159. It is therefore solely to cover the possibility that, contrary to my recommendation, the Court does not recognise that the appellants have an effective judicial remedy before the national courts that I shall devote some remarks to the merit of the assessment by the Court of First Instance (see (4 of point 50 above), which the appellants dispute, that the lack of such a remedy could not of itself form the basis for the jurisdiction of the Community court in a legal system, such as that of the Union, based on the principle of conferred powers. (79)

160. The appellants’ line of argument hinges essentially on a combination of the following elements: their right to effective judicial protection within the meaning of Article 6(2) EU; the Council declaration concerning the right to compensation; the eighth ‘recital’ of Decision 2003/48; the duty of Member States, on the basis of Article 30(3) of the Vienna Convention and Article 307(1) EC, to honour the international obligations previously accepted by their accession to the Charter of the United Nations and the ECHR; and lastly the ‘general interpretative principle’ relating to the ‘enlarged jurisdiction’ of the Court of Justice.

161. The Council and the Kingdom of Spain maintain that the appellants’ arguments are entirely unfounded. The Council also contends that those based on the last two items mentioned in the preceding point are inadmissible in that they were raised by the appellants only in their statements of defence.

162. I have already shown, in point 67 above, that the Council declaration concerning the right to compensation is incapable of affecting the powers of the Court of Justice laid down in the EU Treaty. It is obvious that the same assessment should be made with regard to the eighth ‘recital’ of Decision 2003/48, which states that ‘[that] Decision respects the fundamental rights and observes the principles recognised by Article 6 of the Treaty on European Union’ and none of its provisions ‘may be interpreted as allowing infringement of the legal protection afforded under national law to the persons, groups and entities listed in the Annex to Common Position 2001/931/CFSP’.

163. The appellants’ argument regarding Article 30(3) of the Vienna Convention and Article 307(1) EC is also irrelevant. This argument, like the one concerning an ‘enlarged jurisdiction’ of the Court of Justice, can be examined despite the fact that it was raised only in the appellants’ statements of defence, since it is simply an argument in support of a ground already put forward in the appeals and the jurisdiction of the Community court is, as I have already pointed out, a public policy issue that the Court may in any event examine of its own motion in the light of each relevant element.

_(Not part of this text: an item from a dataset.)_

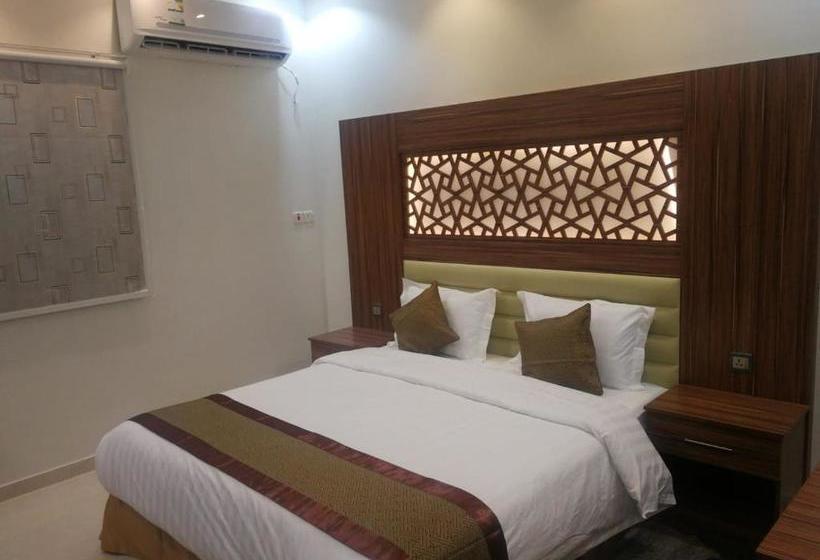 בית מלון כפרי روز للوحدات السكنيه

164. Article 30 of the Vienna Convention concerns the rights and obligations of States parties to successive treaties relating to the same subject-matter and is not applicable in the present case because, contrary to the appellants’ assertion, it cannot be said that the EU Treaty deals with the same subject-matter as the Charter of the United Nations and the ECHR. Moreover, the third paragraph of the article provides that ‘[w]hen all the parties to the earlier treaty are parties also to the later treaty …, the earlier treaty applies only to the extent that its provisions are compatible with those of the later treaty’. The appellants lose sight of the fact that it is the EU Treaty that is later than the Charter of the United Nations and the ECHR.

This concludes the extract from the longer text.